Mis años de experiencia me indicaban aquello que ella necesitaba en cada momento, así que fui añadiendo distintas formas de pasión según se producían los acontecimientos. En un momento dado, le azoté  las nalgas con la palma de mi mano; ella se volvió totalmente loca de placer.
—Me gusta, me gusta mucho, dame  más fuerte, por favor.

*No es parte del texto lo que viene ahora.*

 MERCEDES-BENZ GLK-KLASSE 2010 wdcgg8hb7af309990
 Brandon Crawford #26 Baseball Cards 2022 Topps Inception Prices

––Llámame amo si quieres que te dé más fuerte ––le dije con voz pastosa.
—Sí, amo, dame duro.
Saqué de un cajón una fusta y comencé  a flagelarla a la vez que la penetraba fuerte aferrándome a sus nalgas. Después de haber pasado cuarenta minutos infernales de gemidos y jadeos, caímos exhaustos en la cama. Ella había tenido como mínimo tres orgasmos más. Nos bañamos juntos y finalmente ya vestidos descansamos en el salón. Sacó de su cartera mil euros y me los ofreció con semblante muy serio.
—Aquí están sus honorarios, tal y como habíamos  acordado.
—Muchísimas gracias, Nellie —dije con voz queda.
De pronto sus ojos se nublaron y unas lágrimas rodaron de sus mejillas.
—¿Qué te pasa, cariño?—le dije con aire de preocupación.
—Es que  para mí eres el hombre de mi vida. Me da mucha rabia no poder verte más. 
Se hizo un silencio breve, y le dije:
––Mira, Nellie, hace seis meses que estoy cavilando retirarme. Tengo cuarenta y un años, poseo este apartamento, un chalé en la sierra, y soy copropietario de una gasolinera. ¿Crees que podamos formar juntos una familia?
Sus ojos relampaguearon de felicidad. Me abrazó con el cuerpo temblando  de emoción. Fui  hasta el armario, cogí una pequeña cajita, di media vuelta, me arrodillé ante  ella y le dije con voz meliflua:
––Nellie, ¿te gustaría casarte conmigo?
Ella se quedó boquiabierta mirando con ojos resplandecientes  el suntuoso anillo de diamantes.
—Sí, mi amor—me dijo y me abrazó efusivamente.
—Solo hay un problema: ¿qué vas a hacer con tu actual pareja?
—Ahora  mismo le llamo y le mando al diablo.

—Cariño, te voy a llevar  esta noche a las cuevas en la Plaza Mayor a comer pescadito y a escuchar música en vivo para sellar nuestro compromiso. Y luego  sabes la que te espera… —dije enseñándole mi fusta.
Los ojos de Nellie se desbordaron de lágrimas,  acarició la fusta emocionada mientras me abrazaba con cariño. Yo solo añadí:
—Juro que este culito jamás volverá a pasar hambre.
Nuestros labios y lenguas se entrelazaron en un beso interminable.